The South African Cricketers’ Association (SACA) feels Cricket South Africa (CSA)’s austerity plans is likely to lead to at least 70 players losing their contracts.
It will also lead to reduced earnings for many other franchise level South African cricketers.
The austerity plans include restructuring of CSA domestic cricket from franchise to a first-class cricket system, re-organisation of domestic T20 competitions, optimising player contracts and delay or suspend any new project that do not have sound revenue-generation potential.
SACA’s chief executive Tony Irish said it wanted to play its part in dealing with the challenge but CSA went ahead with its plans without properly engaging with them.
“CSA has instead gone ahead with the announcement of a restructure of domestic cricket, to effectively merge the franchise and provincial systems, as part of its austerity plan, without any meaningful consultation with SACA and despite the fact that this will directly affect the players,” he said.
“This restructure, announced as part of cost saving measures, is likely to lead to at least 70 players losing their contracts and many other players at franchise level having their earnings reduced.
“The ‘human impact’ of this is significant. SACA has a collective agreement in place with CSA, franchises and provinces, known as the MOU, which deals with these issues yet CSA has, in announcing this structure, disregarded that agreement.”
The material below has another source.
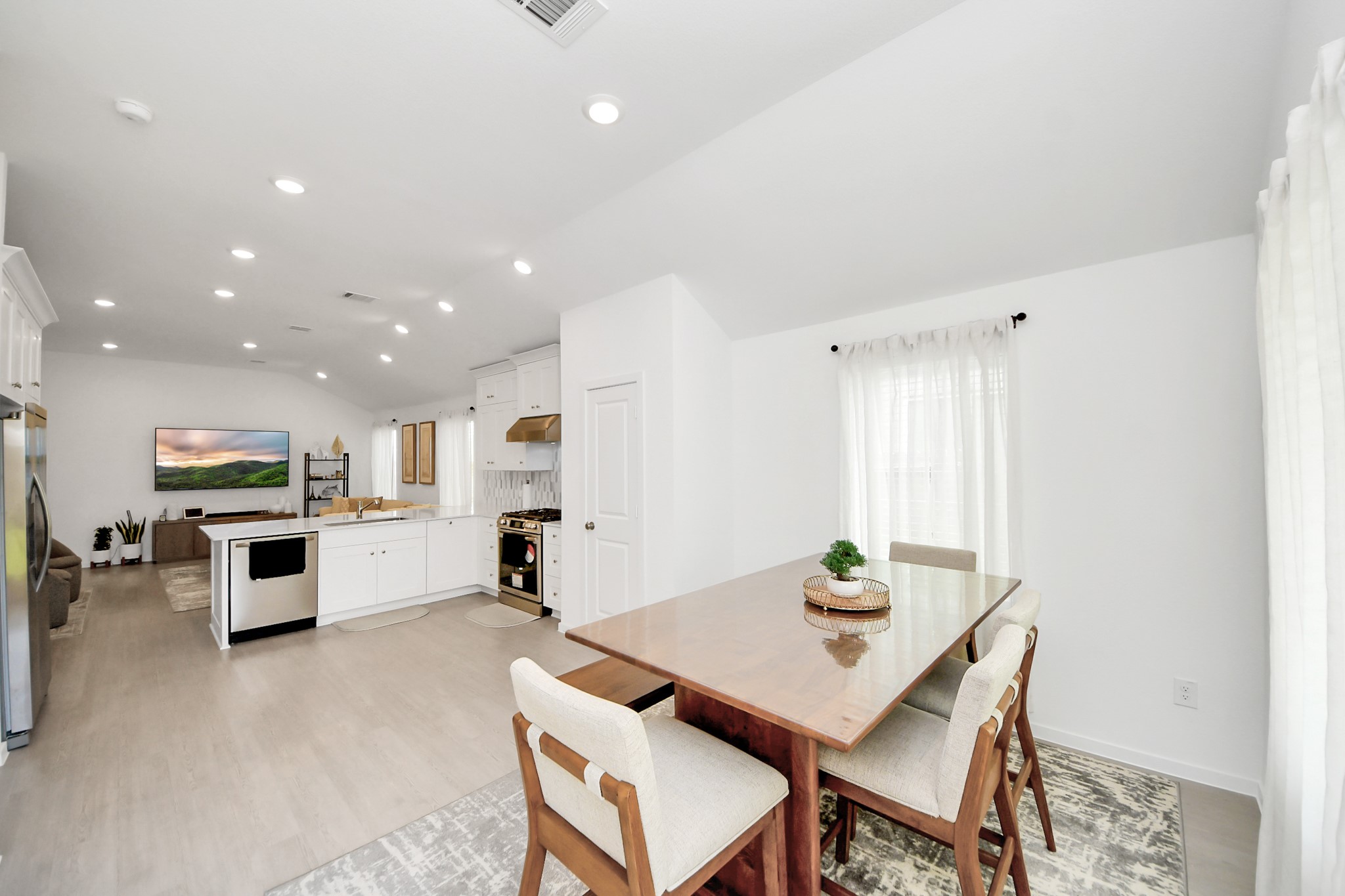 2418 Phantom Quartz Drive Property Photo 13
SACA’s President Omphile Ramela said they have expressed their concerns to CSA but there has been no communication from cricket body’s end.
“The players’ livelihoods depend on cricket’s financial sustainability but this is not only about the players. It is also about the future of the entire game in our country,” he said in a statement.
“SACA has formally written to CSA twice in the last six weeks to express its concerns relating to CSA’s financial position, (but) to date we haven’t received any reply at all to those letters.”
The CSA Board on Saturday approved austerity plans amid declining revenues, largely ascribed to declining income from broadcast rights and unstable sponsorships.
“In order to respond to the changing market forces and declining revenue-generation landscape, we had to design a cogent four-year recovery plan that would ensure that we break-even and accumulate profit while refining our operating model,” said Chris Nenzani, CSA Board Chairperson.
Irish said players have the right to know how the austerity plans will affect them.
“The future of the game is in the balance and as a critical stakeholder we believe the players have a right to know what the financial position actually is, how it is being dealt with and how this is going to affect not only them but also all other cricket stakeholders,” he said.
“A four-year deficit amounting to hundreds of millions of rands is unprecedented in South African cricket and is a serious concern to us as the representative of the players. We have asked CSA for clarity and to date it has not provided this.”
Irish urged CSA to revert back to them as there are many cricket implications that need to be discussed.
“There are also many important cricket implications in making any change of this nature,” he said.
“These include things like competition structures across the cricket formats, maintaining competitive balance between teams and ensuring that any new structure promotes the retention of our players for Proteas selection. These have not been properly discussed with us either,” Irish added.